# Diffraction Gratings

Hi, I recently made a spectroscope using a pringles tube. I basically cut a very narrow slit at the metal end and at the plastic lid end I cut a circular shape out of a CD so that it fits inside the lid (I had to strip off the silver lining of course). I have some idea of how it works but would greatly appreciate some clarification and any extra information. Take the case of a sodium lamp that gives discrete spectral lines. As I understand it the light comes from the sodium lamp through the narrow slit and hits the CD inside the lid. The grooves on the CD reflect light at different angles depending on the wavelength which therefore split the light up. Since the silver surface is stripped off these reflected waves can transmit through into your eye. A couple of things I don't quite understand:

1) From what I have read, the reflected light rays can interfere constructively or/and destructively. So would you therefore not necessarily be seeing all the line spectra as some may have interfered destructively between the CD and your eye (if they were half a wavelength out of phase).
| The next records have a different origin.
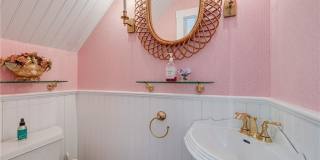 83 John Street Gallery 13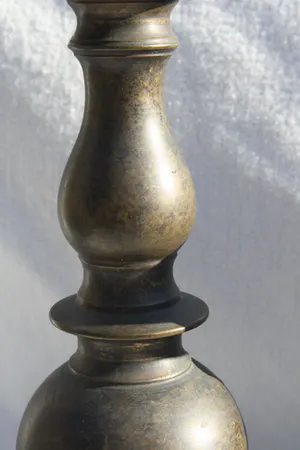 Niet of onleesbaar gesigneerd - Twee Fraaie Oude Bronzen Pen Kandelaars kopen? Bied vanaf 1!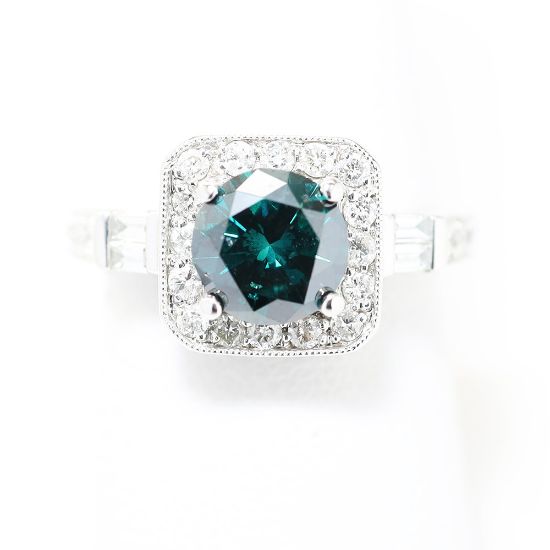 Picture of 14k White Gold Brilliant Diamond Ring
2) It also says that what you are seeing as line spectra are actually images of the slit. Is that right? Surely the light just comes through the slit, there's no image being formed is there?

mfb
Mentor
The grooves on the CD reflect light at different angles depending on the wavelength which therefore split the light up.
It is diffraction, not reflection.
So would you therefore not necessarily be seeing all the line spectra as some may have interfered destructively between the CD and your eye (if they were half a wavelength out of phase).
You see exactly the points where they are in phase. Under different angles you don't see light of this specific wavelength.

2) It also says that what you are seeing as line spectra are actually images of the slit. Is that right? Surely the light just comes through the slit, there's no image being formed is there?
Well, you still have the finite size of the slit and the light source that will give a finite width/height of the light patterns.

Drakkith
Staff Emeritus
The light coming in through the slit forms a narrow, rectangular 'column' approximately the same size of the slit. When this column of light hits the CD, the grooves separate the different wavelengths and the column, as a whole, spreads out. So the line spectra look like the slit only in the sense that the length and width correspond to that of the slit. So a very narrow slit vies you narrow lines, while a wide one gives you wide lines.

It is diffraction, not reflection.
You see exactly the points where they are in phase. Under different angles you don't see light of this specific wavelength.

Well, you still have the finite size of the slit and the light source that will give a finite width/height of the light patterns.

Thanks for the answers. I thought the light hits the grooves and different wavelengths reflect at different angles? So how is the light splits up if it not reflected. How is diffraction defined?